▶ _Provided data_:
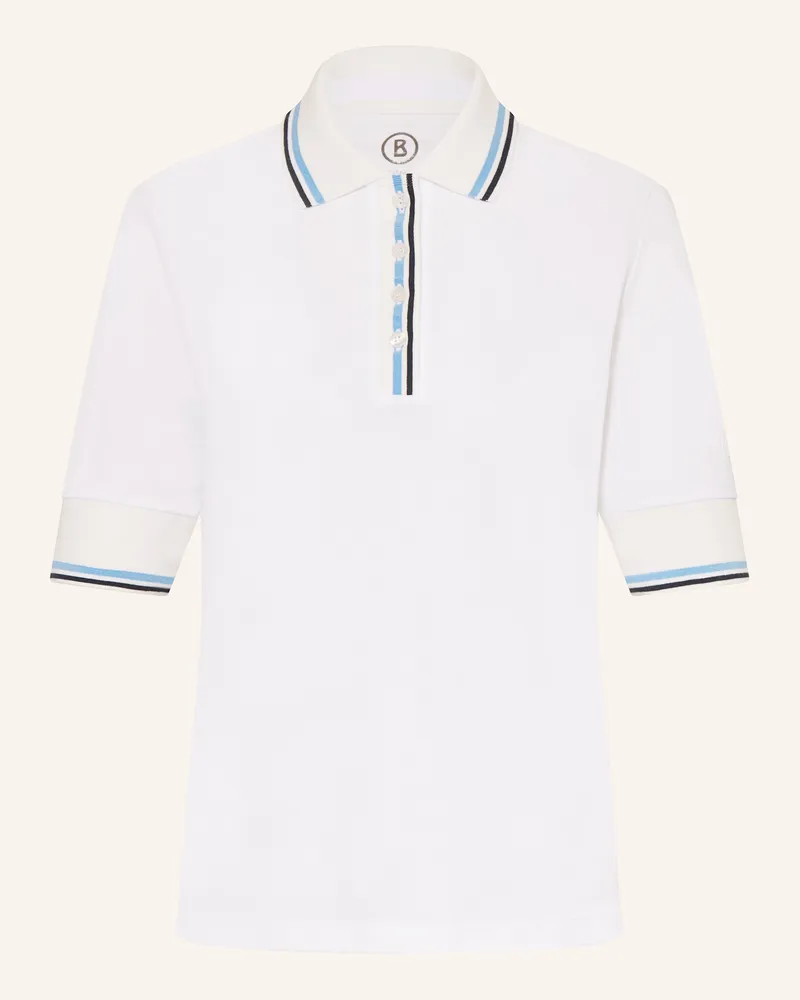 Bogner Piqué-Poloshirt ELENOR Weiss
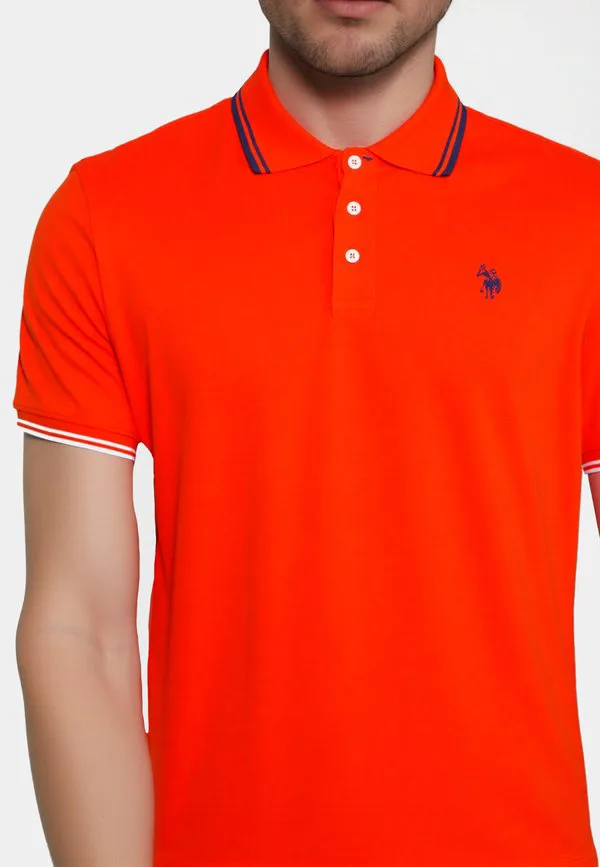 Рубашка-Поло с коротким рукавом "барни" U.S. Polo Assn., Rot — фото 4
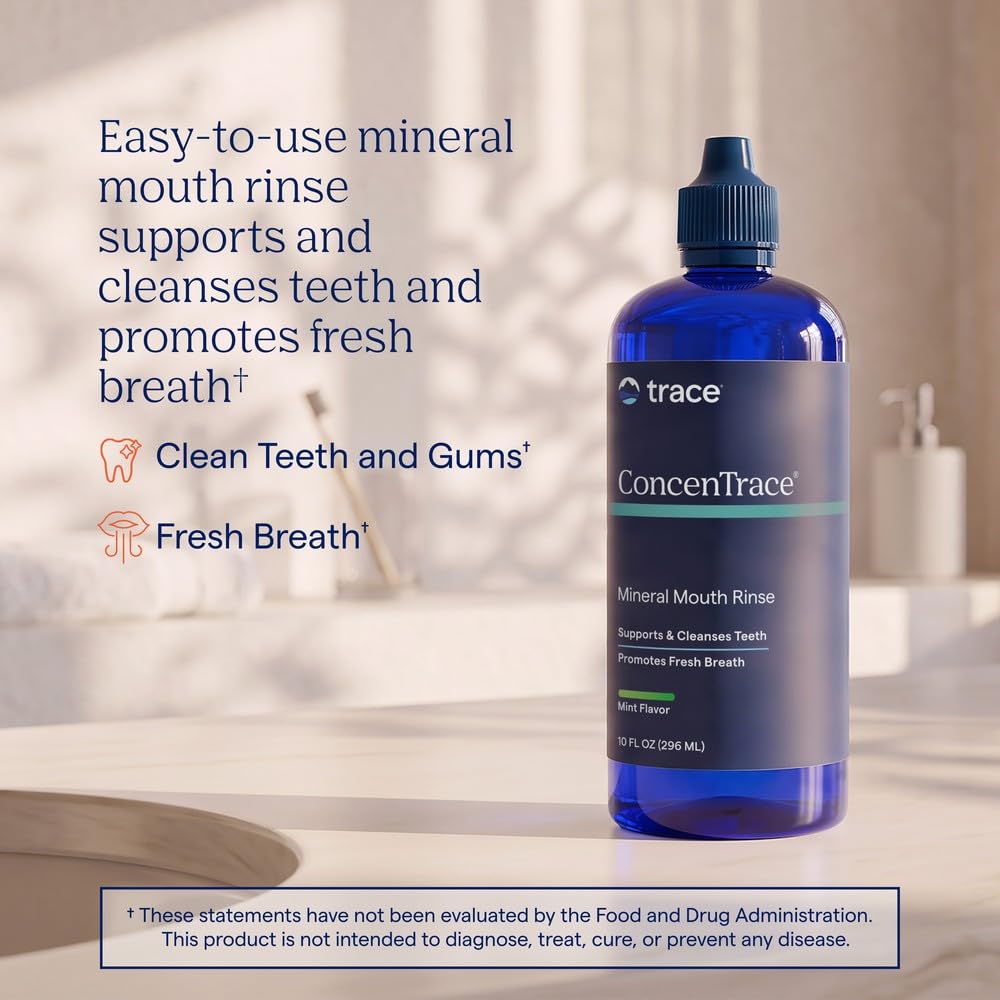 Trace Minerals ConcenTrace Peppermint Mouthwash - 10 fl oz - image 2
==
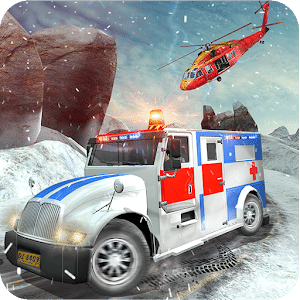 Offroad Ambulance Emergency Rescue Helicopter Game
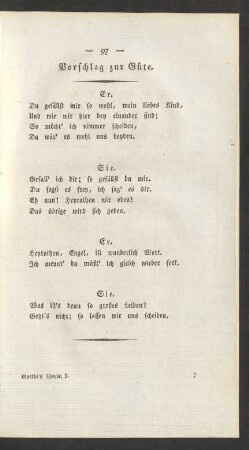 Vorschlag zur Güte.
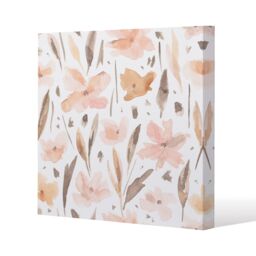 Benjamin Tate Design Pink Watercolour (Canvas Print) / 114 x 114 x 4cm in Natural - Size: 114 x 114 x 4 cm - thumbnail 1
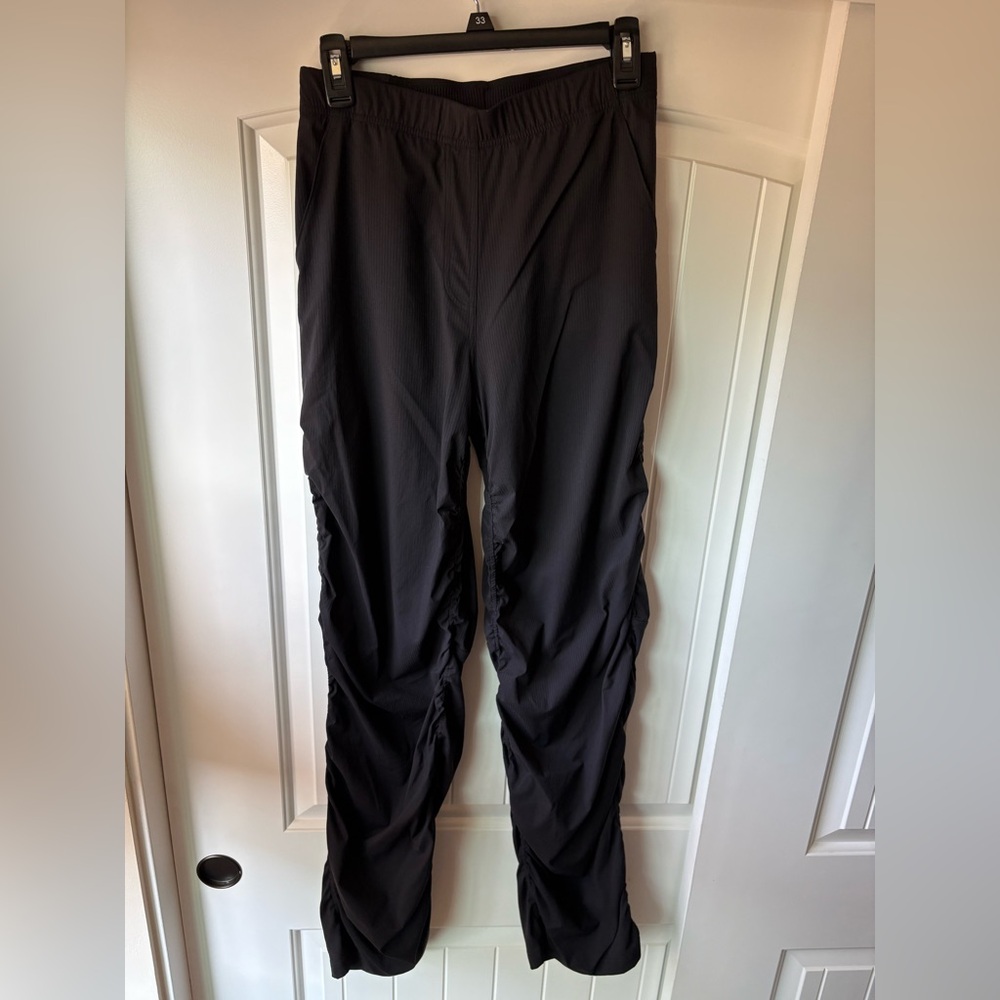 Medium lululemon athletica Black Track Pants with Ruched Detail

▶ _Activity_:
Of the lines above, quote exactly those from the one with "Bogner Piqué-Poloshirt ELENOR Weiss" through the one with "Trace Minerals ConcenTrace", ends included; pictures stay out.

▶ _Exercise response_:
 Bogner Piqué-Poloshirt ELENOR Weiss
 Рубашка-Поло с коротким рукавом "барни" U.S. Polo Assn., Rot — фото 4
 Trace Minerals ConcenTrace Peppermint Mouthwash - 10 fl oz - image 2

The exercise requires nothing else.